Frank y Kitty rieron. Nora bebió el resto del trago de una sola vez, sacudiendo el pelo corto y de color rubio rojizo por encima de los pronunciados pómulos.
—Brandy, oficial —dijo ella, ofreciendo la copa al tiempo que le guiñaba un ojo al esposo.
—A casa —dijo él—. Mira la hora. —Eran las once y media, hora de cerrar.
Nora le lanzó una mirada a Kitty.
—Lo siento —comentó—, él nunca es amable.
Frank se puso de pie, sin alcanzar el metro ochenta de su esbelta esposa. Se pasó una mano por la espesa cabellera gris, se estiró el jersey verde y extendió los brazos a los lados. Nora lo había visto realizar la misma rutina durante cuarenta años. La descubrió observándolo y le guiñó un ojo.
Ray, Joe, y Hugh estaban marchándose al mismo tiempo y se detuvieron frente a él.
—Eh —informó Ray, poniendo un megáfono imaginario en la boca—. Señores, apártense de sus copas. Por favor, dejen sus copas. Han pasado tres punto cuatro segundos de la hora de cierre. Aléjense de sus copas.
Frank sonrió.
—¿Necesita ayuda para despejar el área, oficial? —preguntó Ray.
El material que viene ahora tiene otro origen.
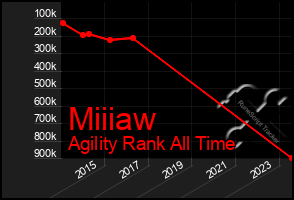 Total Graph of Miiiaw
—Podrías esposar a algunos de éstos. Probablemente Joe recibiría una patada por registrarlos, ¿verdad?
Frank y Joe rieron.
Mick Harrington se abrió paso entre ellos cuando iba a salir cargando una enorme bolsa de papel marrón llena de botellas.
—Cielo santo —dijo Hugh—. Es el padre Merrin.
Mick lo miró.
—Ya sabes, el Exorcista. Entra y se lleva los espíritus —ironizó Hugh.
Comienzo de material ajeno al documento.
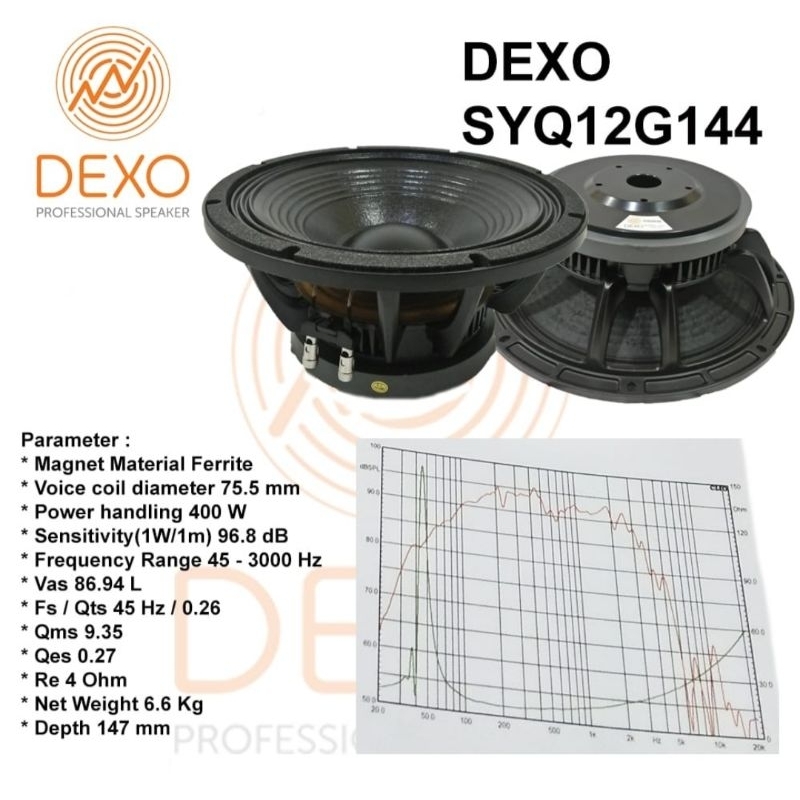 Speaker DEXO SYQ12G144 / 12 inc | VC 75.5 mm / 3 inc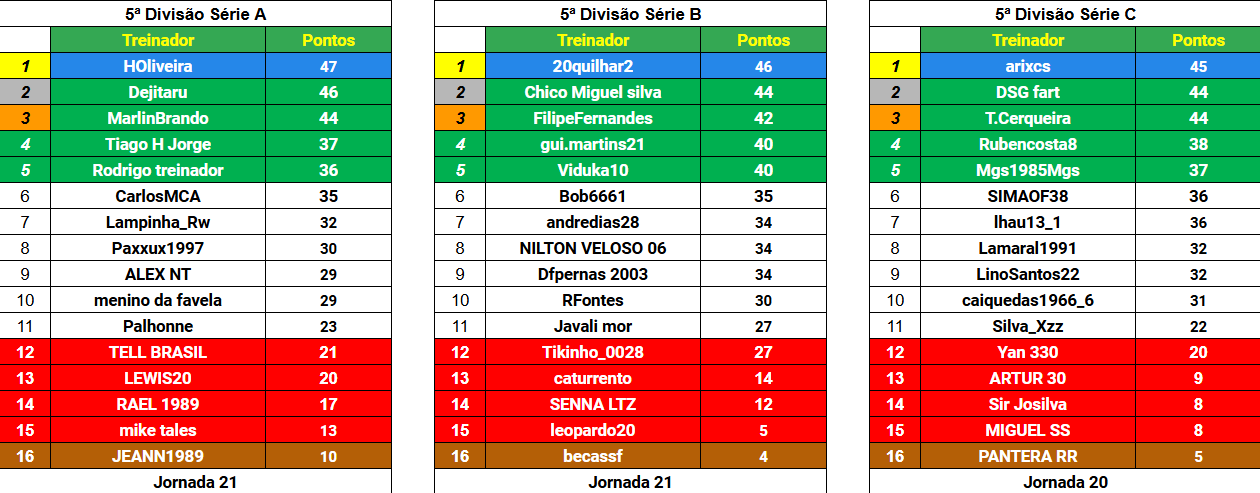 12528d8c-f4db-4b81-b894-3ac0bd5ec8b2-Captura de ecrã 2024-11-05 171736.png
Mick lanzó una de sus vigorosas carcajadas.
—Hay como veinte hispanos borrachos en el puerto a los que tengo que mantener lubricados —explicó—. Esta es mi segunda redada de la noche en el bar. Les están reparando el barco y ellos lo están esperando mientras cantan esas canciones de mierda de borrachos. —Se volvió hacia Joe—. A propósito, si Robert está con Shaun, dile que regrese a casa. Será mejor que alguien le haga compañía a mi esposa.
—Han salido —dijo Joe.
—Entonces pondrán dos grandes marcas negras junto a los nombres de ambos —manifestó Mick.
Katie se detuvo y echó la cabeza atrás, apretándose los ojos. Aún le caían lágrimas. Comenzó a caminar de nuevo, rápidamente, desesperada por estar en su casa y en su cama. De repente, las luces traseras de un vehículo cobraron vida frente a ella, el vehículo se inclinó en la cuneta. Ella entornó los ojos encandilada y disminuyó el paso hasta quedar lo bastante cerca para saber que algo estaba muy mal.